John Zysman and Tobias Schulze-Cleven at the University of California, Berkeley ask a good question in a recent BRIE Working Paper: How do Wealthy Nations Stay Wealthy? (PDF) Their paper, subtitled "Challenges for the European Policy Agenda", makes two arguments:
First, countries and companies face an ever more volatile competitive marketplace. They have to maneuver in a competitive environment, in which the “sweet spots” for corporate success are constantly changing as company internal functions become products, products become commodities, and the sources of differentiation for products and processes are constantly evolving. This new “formula” for corporate success requires a social capacity for flexibility and adaptation.
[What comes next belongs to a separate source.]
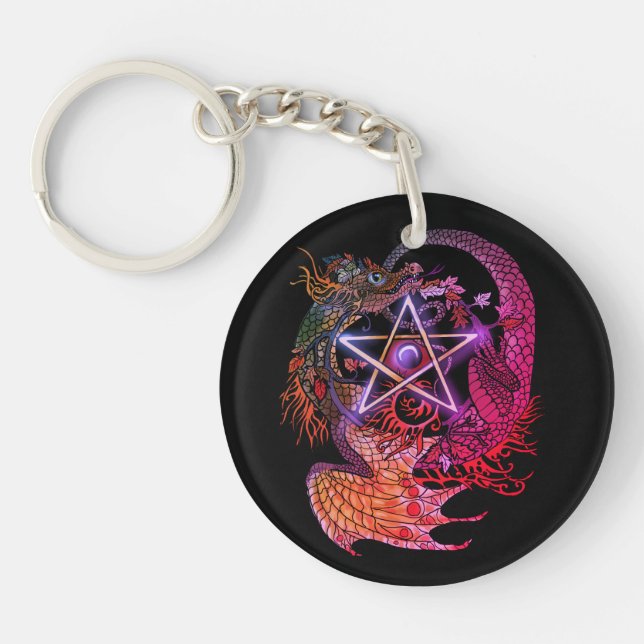 Art Nouveau Pentacle Dragon~keychain Key Ring (Front)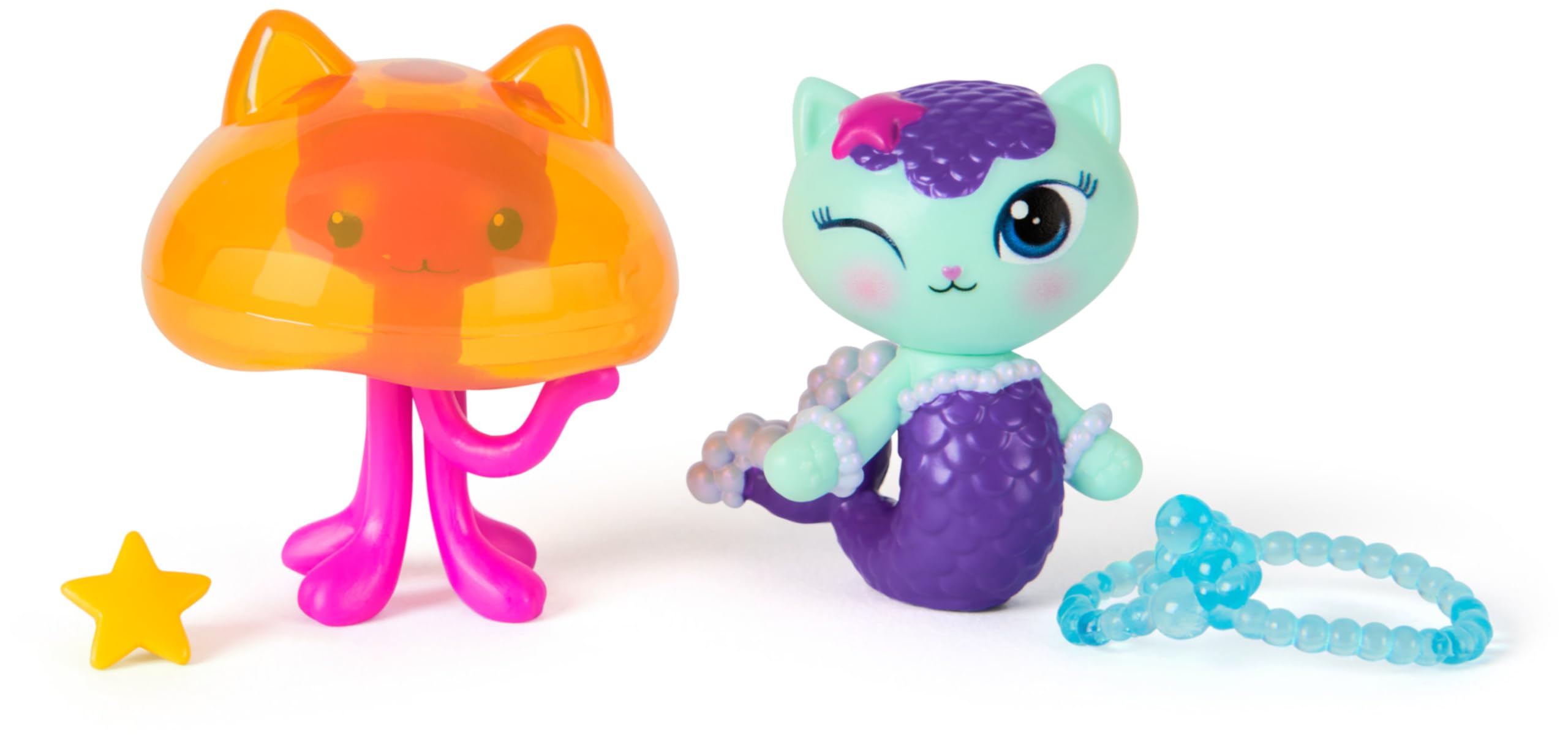 Gabby's Dollhouse MerCat and Kitty Jellyfish Toy Figures with Accessories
Second, social protections often serve as essential sources of social capacity for adaptation and change. There is not an inherent contradiction between social protections and market flexibility. The essential issues are how those protections are organized and delivered. The dilemma of many continental European countries to provide “welfare without work” (Esping-Andersen 1996, Scharpf 2001) after a history of “adjusting badly” (Manow and Seils 2000) is only one possible outcome. To the contrary, if adapted rather than abandoned, European traditions can be the basis of continued growth and productivity in a competitive marketplace.
The authors "we feel hesitant to prescribe solutions – for that task we defer to our European friends." But they do favourably cite Sapir's recent paper, which argued that only the Scandinavian and Anglo-Saxon variants of the European Social Model will in the end be sustainable.